Melbourne Water said that it takes a large amount of electricity – over 345,000MWh per year – to deliver clean and safe water, remove and treat sewage, and manage drainage and waterways across Melbourne.  

Melbourne Water’s renewable energy portfolio includes biogas, hydropower and solar generation throughout its water supply and sewage network to reduce carbon emissions and reduce operating costs. 

Melbourne Water’s Eastern Treatment Plant (ETP) hosts some of its newest renewable energy infrastructure. 

An 18MW solar farm, made up of 39,000 solar panels and fully operational since December 2023, is one of Australia’s largest ‘behind-the-meter’ solar installations. This means that just like solar panels and batteries on a house keep the lights on or charge electric vehicles, energy generated at the solar farm is used on-site at ETP. 

The solar farm produces 30GWh of electricity per year.

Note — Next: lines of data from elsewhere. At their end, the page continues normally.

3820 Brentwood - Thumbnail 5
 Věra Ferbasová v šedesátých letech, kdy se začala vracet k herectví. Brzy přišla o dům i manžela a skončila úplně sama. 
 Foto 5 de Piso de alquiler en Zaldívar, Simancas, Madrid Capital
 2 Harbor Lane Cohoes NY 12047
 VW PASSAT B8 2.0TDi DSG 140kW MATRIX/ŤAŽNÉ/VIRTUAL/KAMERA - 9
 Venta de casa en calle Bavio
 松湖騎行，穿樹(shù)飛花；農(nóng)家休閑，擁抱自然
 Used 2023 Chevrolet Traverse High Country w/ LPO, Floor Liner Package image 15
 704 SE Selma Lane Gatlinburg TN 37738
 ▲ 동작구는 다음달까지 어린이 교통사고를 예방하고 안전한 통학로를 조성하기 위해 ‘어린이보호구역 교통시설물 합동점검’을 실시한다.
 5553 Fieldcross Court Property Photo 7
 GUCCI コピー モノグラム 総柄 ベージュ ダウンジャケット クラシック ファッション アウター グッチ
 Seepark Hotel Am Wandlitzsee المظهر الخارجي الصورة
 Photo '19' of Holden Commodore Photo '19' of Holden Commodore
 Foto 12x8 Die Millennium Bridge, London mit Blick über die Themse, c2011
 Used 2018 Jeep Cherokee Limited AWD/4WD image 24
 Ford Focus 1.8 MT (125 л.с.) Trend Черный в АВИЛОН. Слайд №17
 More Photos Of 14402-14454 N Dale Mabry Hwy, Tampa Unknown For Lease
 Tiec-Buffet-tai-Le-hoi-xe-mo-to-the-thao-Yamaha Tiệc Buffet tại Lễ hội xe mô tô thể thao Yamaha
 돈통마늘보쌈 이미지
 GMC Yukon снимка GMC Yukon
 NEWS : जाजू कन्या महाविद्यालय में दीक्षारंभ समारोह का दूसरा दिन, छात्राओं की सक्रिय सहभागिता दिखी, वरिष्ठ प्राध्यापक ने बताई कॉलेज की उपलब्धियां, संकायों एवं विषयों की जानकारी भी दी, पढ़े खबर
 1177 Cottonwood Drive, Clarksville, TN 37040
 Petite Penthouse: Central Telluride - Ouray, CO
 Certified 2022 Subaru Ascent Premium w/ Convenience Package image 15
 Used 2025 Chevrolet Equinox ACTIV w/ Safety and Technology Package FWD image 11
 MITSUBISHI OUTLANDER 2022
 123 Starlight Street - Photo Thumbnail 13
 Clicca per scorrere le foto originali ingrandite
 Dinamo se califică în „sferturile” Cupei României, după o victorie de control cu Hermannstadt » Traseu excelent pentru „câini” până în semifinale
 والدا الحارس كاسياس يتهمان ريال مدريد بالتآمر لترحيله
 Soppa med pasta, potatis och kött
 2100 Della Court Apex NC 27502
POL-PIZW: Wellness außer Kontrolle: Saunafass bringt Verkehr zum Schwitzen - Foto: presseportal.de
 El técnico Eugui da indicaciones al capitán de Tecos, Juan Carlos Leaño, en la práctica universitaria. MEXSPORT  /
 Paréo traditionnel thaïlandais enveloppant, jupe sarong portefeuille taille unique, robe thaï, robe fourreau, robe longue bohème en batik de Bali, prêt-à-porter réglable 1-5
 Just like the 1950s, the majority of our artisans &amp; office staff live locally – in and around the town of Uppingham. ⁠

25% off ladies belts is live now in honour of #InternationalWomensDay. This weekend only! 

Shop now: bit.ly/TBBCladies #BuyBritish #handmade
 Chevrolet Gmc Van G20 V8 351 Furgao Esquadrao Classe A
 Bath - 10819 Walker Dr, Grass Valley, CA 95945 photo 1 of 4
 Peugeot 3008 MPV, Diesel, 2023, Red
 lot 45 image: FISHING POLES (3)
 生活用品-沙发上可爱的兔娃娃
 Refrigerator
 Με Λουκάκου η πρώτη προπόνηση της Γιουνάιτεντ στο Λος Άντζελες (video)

It reduces 28,800t of carbon dioxide per year, equal to the amount generated by 6,000 households. 

Melbourne Water said that it also captures biogas, primarily methane and carbon dioxide, as part of the sewage treatment process. Recently upgraded, the biogas handling allows Melbourne Water to maximise the conversion of waste to energy, which in turn provides about 30 per cent of ETP’s electricity needs and significantly reduces its carbon footprint. 

A newly installed solar farm can now fully power the Winneke Water Treatment Plant at certain times of the day. The farm utilises terrain tracking sensors, a first-of-its-kind in Australia. It consists of 19,000 solar panels situated on the natural slope around the Sugarloaf Reservoir. This setup generates 12.4GWh a year, equivalent to the annual electricity demand of about 2,500 households. 

Melbourne Water said it also harnesses hydroelectric power for its operations at St Albans Reservoir, using a new 400kW hydroelectricity plant, the 16th infrastructure asset of its kind. The plant joins the recently completed 315 kW Upper Yarra, Yarra Valley Conduit hydroelectricity plant, while a 990kW hydropower plant at O’Shannassy Reservoir is about to begin construction and is expected to be completed in 2025. 

“We are in the decade that matters. Our actions now will define our future,” Dr Di Lorenzo said.  

“We must also adapt our operations to prepare for a changing climate. 

“There are tremendous opportunities that come with the transition to clean energy. By leveraging both old and new technologies, we can meet the global challenge of reducing the impact of greenhouse gas emissions on our local environment.”